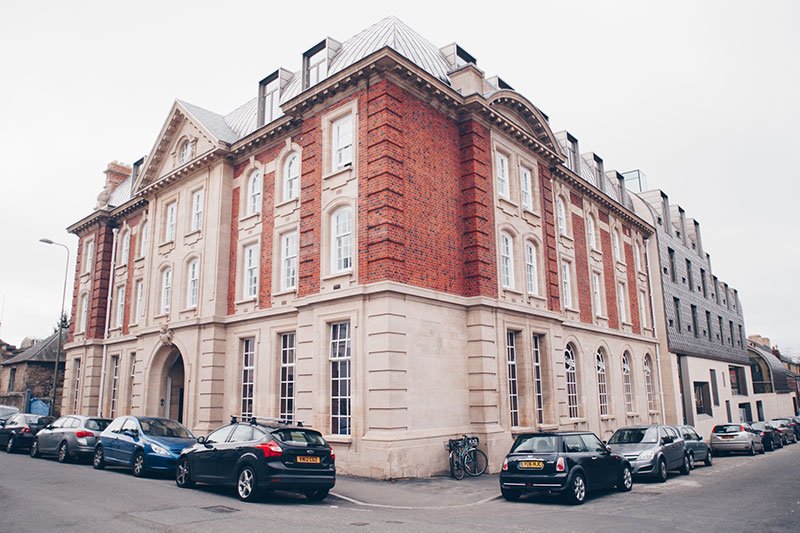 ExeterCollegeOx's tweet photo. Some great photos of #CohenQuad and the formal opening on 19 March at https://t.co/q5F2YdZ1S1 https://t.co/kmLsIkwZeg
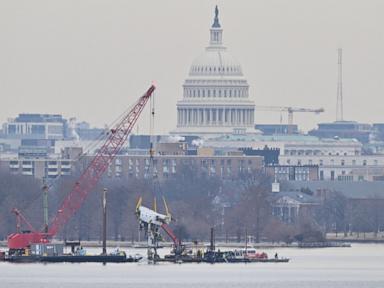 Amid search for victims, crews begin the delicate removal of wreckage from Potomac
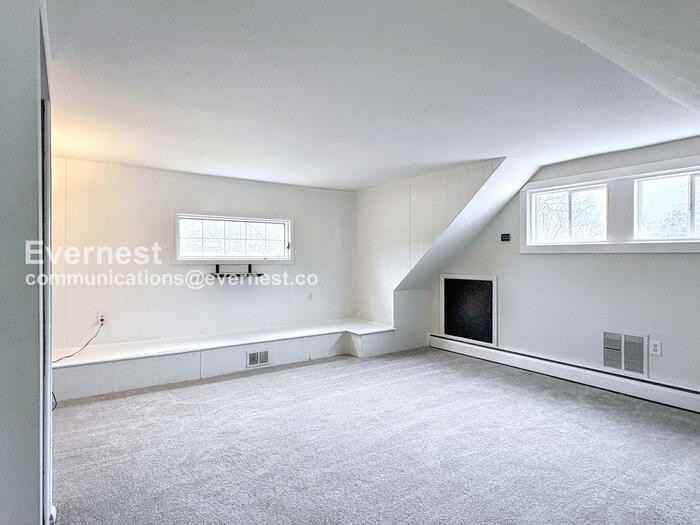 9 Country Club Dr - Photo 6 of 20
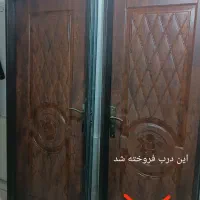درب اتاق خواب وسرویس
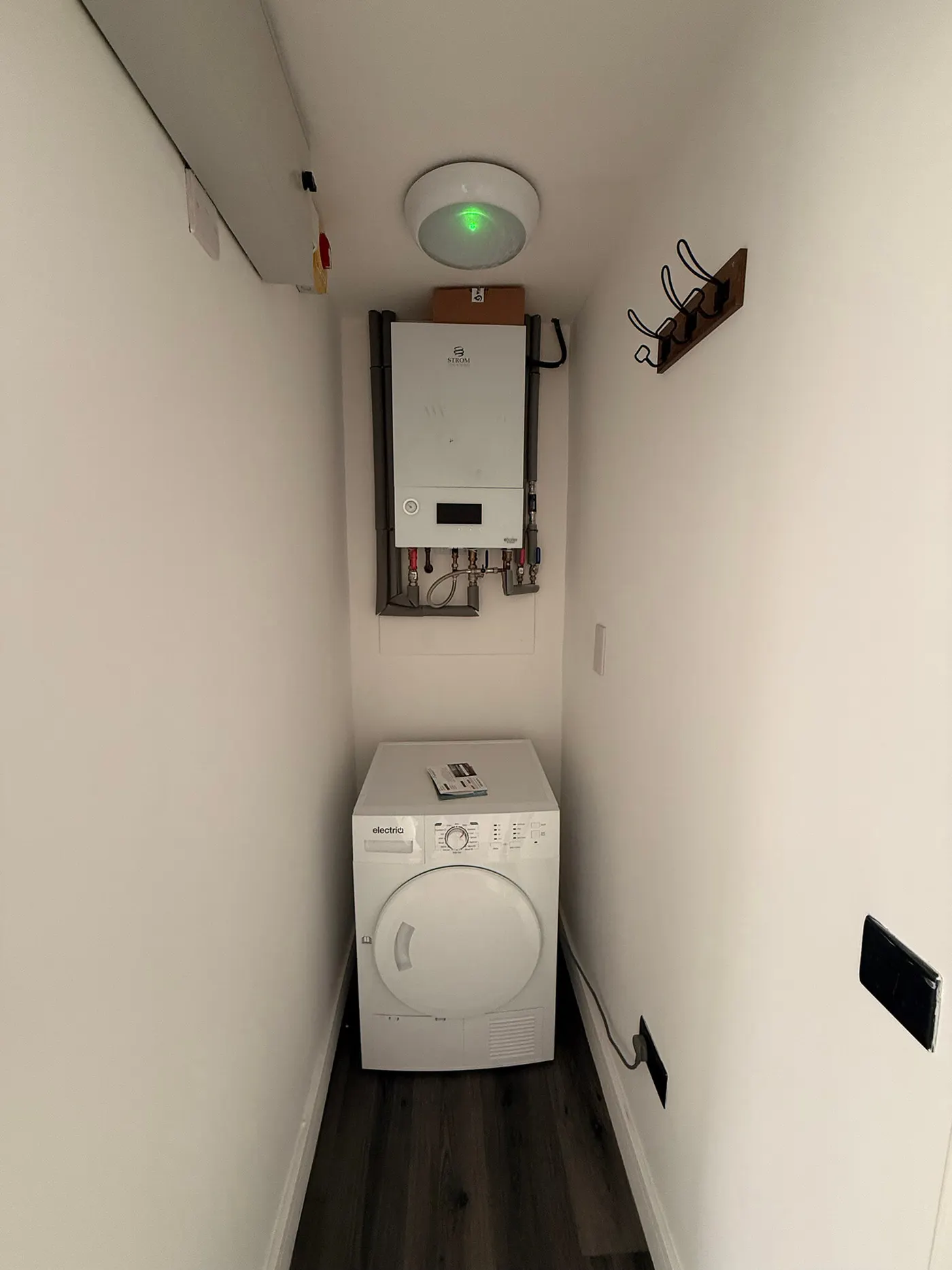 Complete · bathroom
....
* [Task item]: Output the material above exactly as written and drop any images it holds.

* [Output for this task]:
 ExeterCollegeOx's tweet photo. Some great photos of #CohenQuad and the formal opening on 19 March at https://t.co/q5F2YdZ1S1 https://t.co/kmLsIkwZeg
 Amid search for victims, crews begin the delicate removal of wreckage from Potomac
 9 Country Club Dr - Photo 6 of 20
درب اتاق خواب وسرویس
 Complete · bathroom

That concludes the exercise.